(EXERCISE INPUT begins)

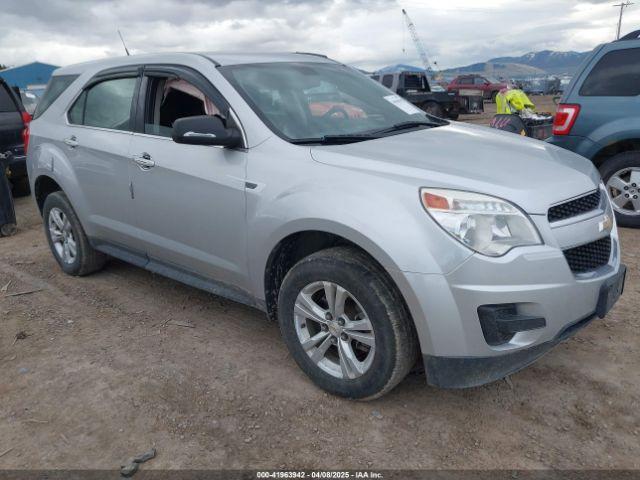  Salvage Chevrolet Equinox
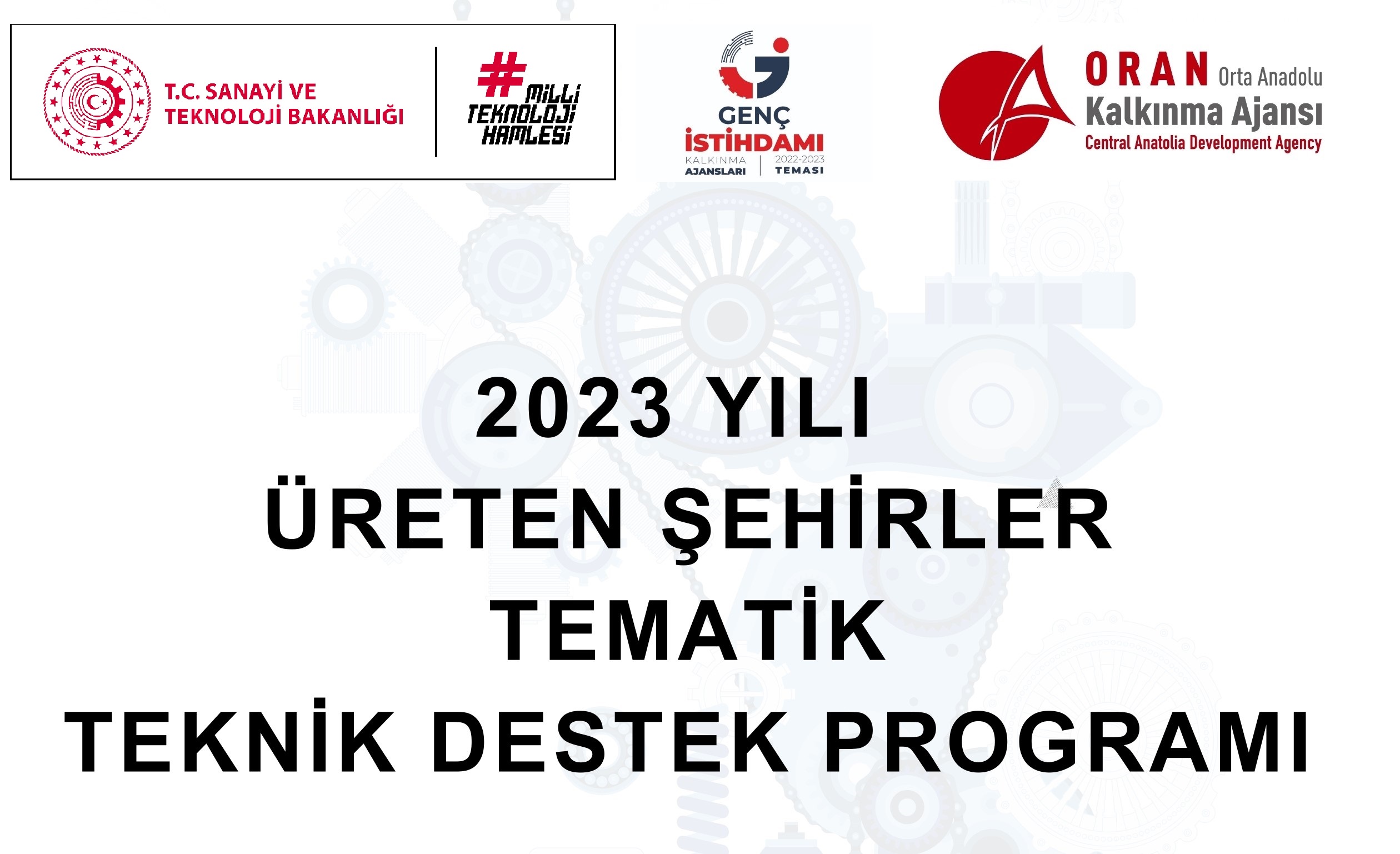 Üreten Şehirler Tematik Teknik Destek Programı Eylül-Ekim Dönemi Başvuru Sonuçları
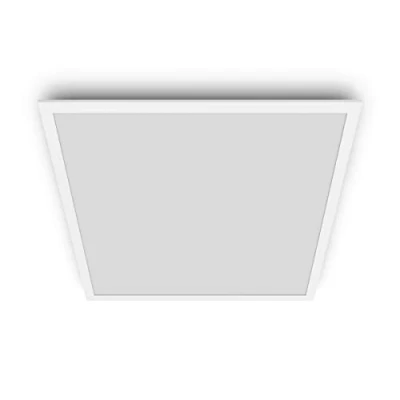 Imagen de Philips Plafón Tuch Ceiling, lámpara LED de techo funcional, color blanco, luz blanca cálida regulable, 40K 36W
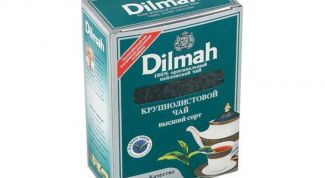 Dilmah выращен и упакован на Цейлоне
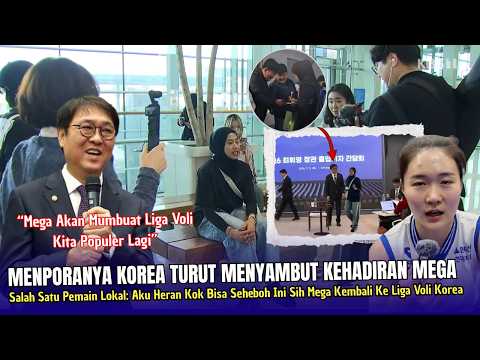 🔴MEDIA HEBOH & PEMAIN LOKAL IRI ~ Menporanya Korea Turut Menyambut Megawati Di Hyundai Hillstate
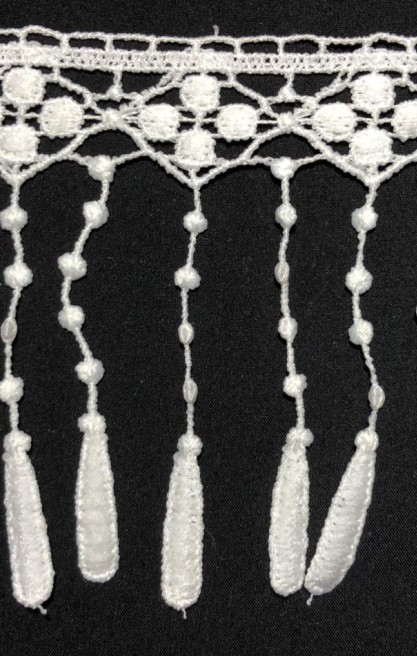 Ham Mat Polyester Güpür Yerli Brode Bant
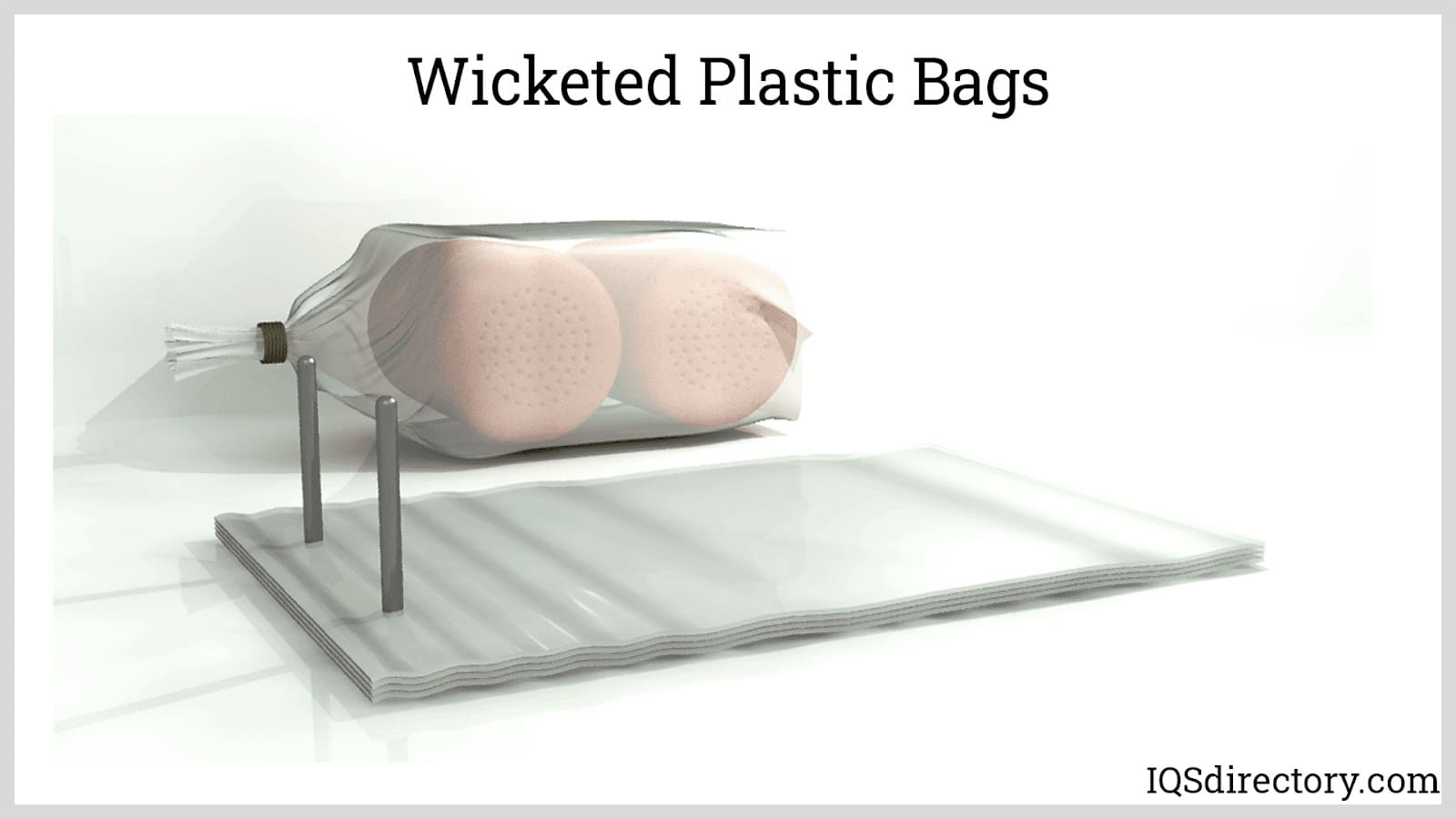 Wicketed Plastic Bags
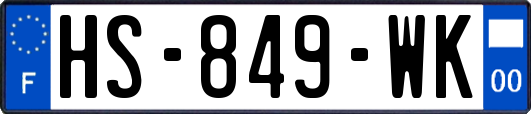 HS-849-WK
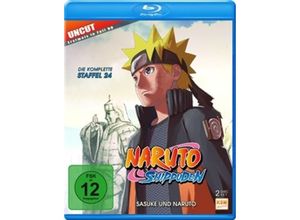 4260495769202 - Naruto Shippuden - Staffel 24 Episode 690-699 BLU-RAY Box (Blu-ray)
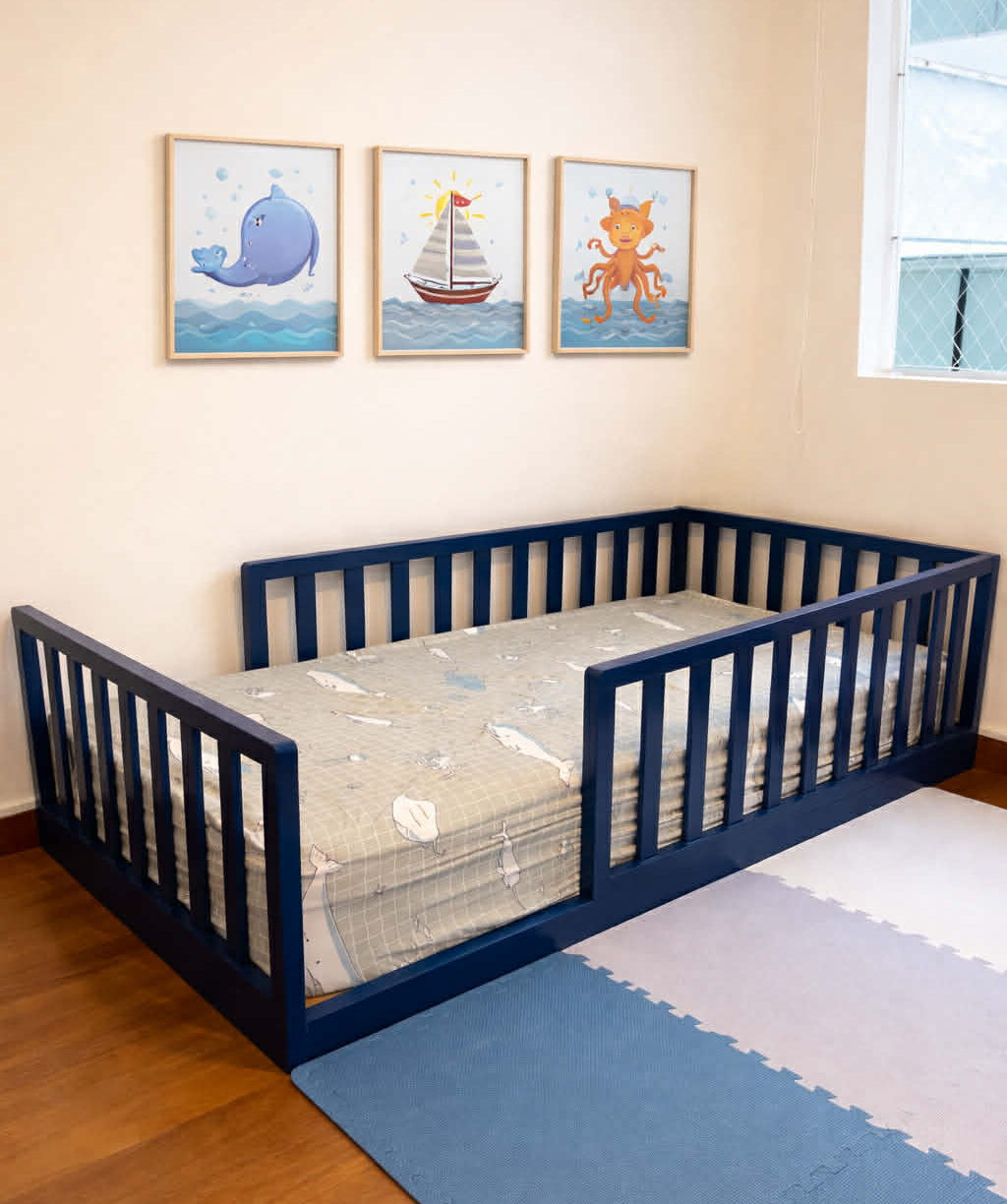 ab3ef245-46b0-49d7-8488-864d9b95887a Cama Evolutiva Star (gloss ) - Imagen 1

(EXERCISE INPUT ends)

▶ EXERCISE GOAL
Your answer should hold only the lines from the one with "Wicketed Plastic Bags" through the final line of the listing above, transcribed exactly and without pictures.

▶ EXERCISE ANSWER
 Wicketed Plastic Bags
 HS-849-WK
 4260495769202 - Naruto Shippuden - Staffel 24 Episode 690-699 BLU-RAY Box (Blu-ray)
 ab3ef245-46b0-49d7-8488-864d9b95887a Cama Evolutiva Star (gloss ) - Imagen 1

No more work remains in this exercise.